Cinematographer Ramji on what a challenge it was to work with filmmaker Selvaraghavan for the third time
Despite the fact that his previous collaborations with Selvaraghavan (Aayirathil Oruvan and Mayakkam Enna) have neither got the critics raving nor set the cash registers ringing, cinematographer Ramji has no qualms about collaborating with the filmmaker on Irandam Ulagam. “For quite some time now, I have only been able to do a film once in two years. I don’t really care as long as the script is good,” laughs Ramji.
Ramji claims that the script of Irandam Ulagam, shot extensively in the picturesque locations of Georgia, a small eastern European country, grabbed him by the collar. “It’s a love story with fantasy thrown in. We shot in difficult conditions,” he says.
The best compliment
He is not a stranger when it comes to shooting in difficult conditions. I remind him of a few sequences in Aayirathil Oruvan and Paruthiveeran. “The best compliment I have ever received was when some of the fans told me that they felt the glare of the sun while watching Paruthiveeran,” he says.

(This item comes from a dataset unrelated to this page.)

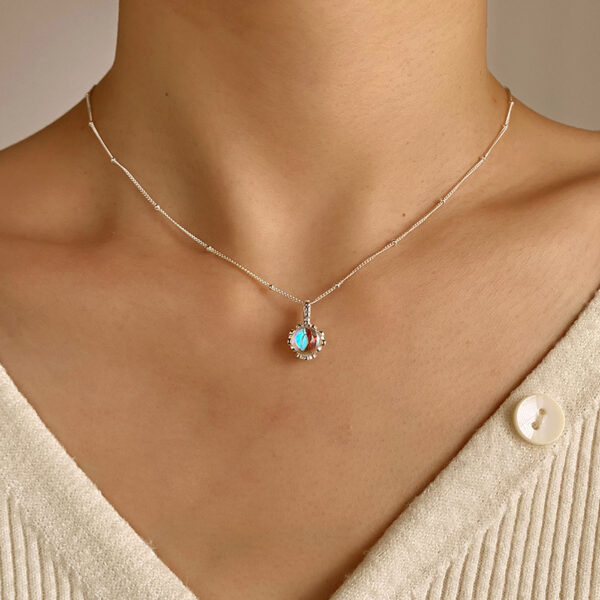 N-7014 (6) Opalescent Orb Sterling Silver 925 Necklace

With Irandam Ulagam's shoot stretching for 153 days, what was it about the script that made it difficult to shoot? “We shot in an 18th century house located between four mountains. The location was such that there was not even proper power supply. It was physically demanding. And…Selva is a kind of filmmaker who wants to get everything right. So it took time,” he explains.
How significant is Irandam Ulagam in his career? “I have always made sure that my cinematography doesn’t take the audience’s attention away from the film. In Mayakkam Enna, I decided to deliberately de-saturate the colours. But in Irandam Ulagam, I ran riot with colours, thanks to the fantasy genre,” he says.

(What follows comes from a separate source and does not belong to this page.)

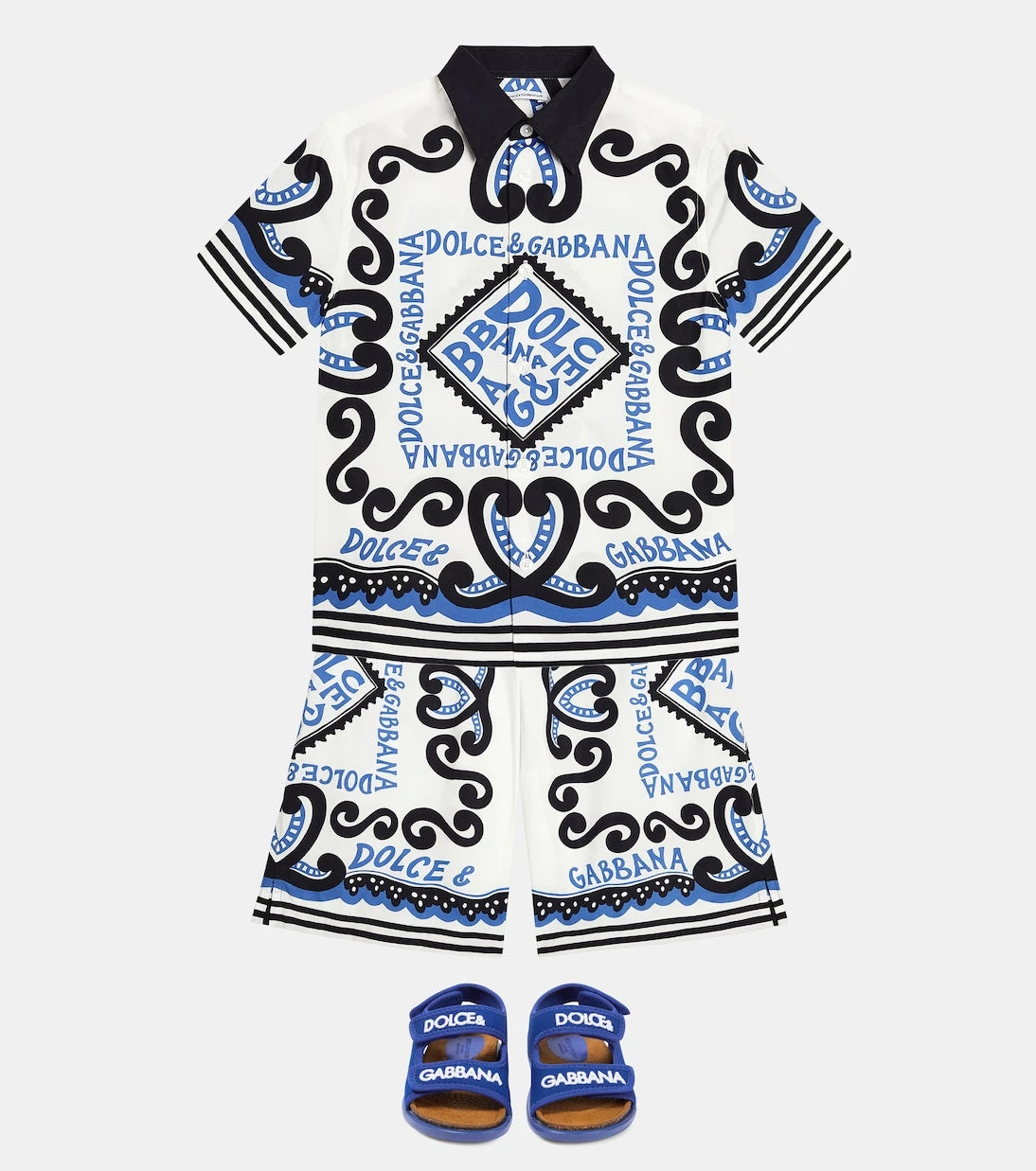 Dolce&Gabbana Kids - شورت برمودا قطني بطبعة الشعار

Having done intense films with Ameer and Selvaraghavan, Ramji is keen on trying something light. “I have done three films with Selva and I think now is the right time to work with someone else. Not because I am tired of working with him,” he laughs, adding, “I would like to do a commercial film, I have not attempted before,” he says.
Does he mean to say he is fine with doing the song-comedy-stunt formula films? “No. I don’t mean that. I mean a more sensible kind of cinema.” Does he have any commercial filmmakers in his mind that he would like to work with? “There are many. I would love to work with Lingusamy or Vishnuvardhan. I am open to working with anyone,” he says. Even with rank newcomers? “Why not?” he asks and adds, “I watched Neram recently. I thought it was pretty neat. If new directors can come up with such scripts, I am game.”